The GoGoVax trial, conducted by Griffith University's Institute for Biomedicine and Glycomics and the Kirby Institute at UNSW Sydney, enrolled 587 gay and bisexual men in a double-blind, randomized, placebo-controlled design. Participants received either 4CMenB or a saline placebo. The gonorrhoea incidence rate was virtually identical in both groups - approximately 48 percent per year. Professor Kate Seib, who led the trial, presented the results at the Conference on Retroviruses and Opportunistic Infections in Denver on February 25, 2026.

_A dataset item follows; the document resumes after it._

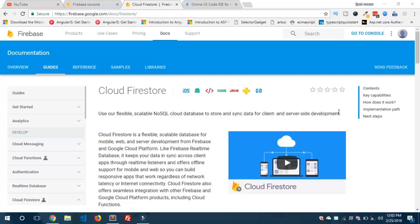Hey, what's going on guys? This is Syed Musa Kaleem from EpiCop and I'm back with another video. If you are new here, make sure to subscribe to my channel to stay tuned with my latest videos about Ionic, Angular, and more about JavaScript.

Why the observational studies got it wrong
The finding inverts a body of evidence that seemed, until now, reasonably coherent. Multiple observational studies - particularly case-control analyses - had suggested that individuals who received 4CMenB showed lower gonorrhoea rates compared to controls. Based on that evidence, health authorities in several countries began recommending the vaccine for high-risk individuals.
The problem is confounding. Case-control studies comparing vaccination histories of people with gonorrhoea against those with chlamydia may be measuring differences in health-seeking behavior, access to care, or other unmeasured variables rather than a genuine protective effect of the vaccine. Randomization eliminates this problem by distributing all confounding factors equally between groups. In GoGoVax, the researchers confirmed that good-quality randomization was achieved - balanced confounding factors across both arms - which is why the identical incidence rates carry substantial evidential weight.
The specific population enrolled
GoGoVax enrolled gay and bisexual men with a recent history of gonorrhoea or syphilis - a population chosen because their higher baseline risk made gonorrhoea acquisition over the study period more likely, allowing the trial to detect a protective effect if one existed. The researchers note one caveat: this history of prior infection may have altered immune dynamics in ways that reduce susceptibility to any potential vaccine effect. The results should not be generalized to all populations without this limitation in mind.
Implications for prevention
Gonorrhoea remains a significant public health challenge. Antibiotic-resistant strains are spreading, and the pipeline for new antibiotics effective against Neisseria gonorrhoeae is limited. An effective vaccine would substantially change prevention options. GoGoVax makes clear that 4CMenB is not that vaccine - at least not for gay and bisexual men at high risk. Men who received 4CMenB retain protection against some meningococcal strains - the vaccine's approved indication - but will need to rely on condom use and regular testing for STI prevention.
The trial results, combined with a smaller open-label trial called DOXYVAC that also showed no gonorrhoea protection, constitute the most direct evidence available on this question. Observational studies suggesting the vaccine worked will need to be reinterpreted in light of the confounding factors that a properly conducted RCT eliminates.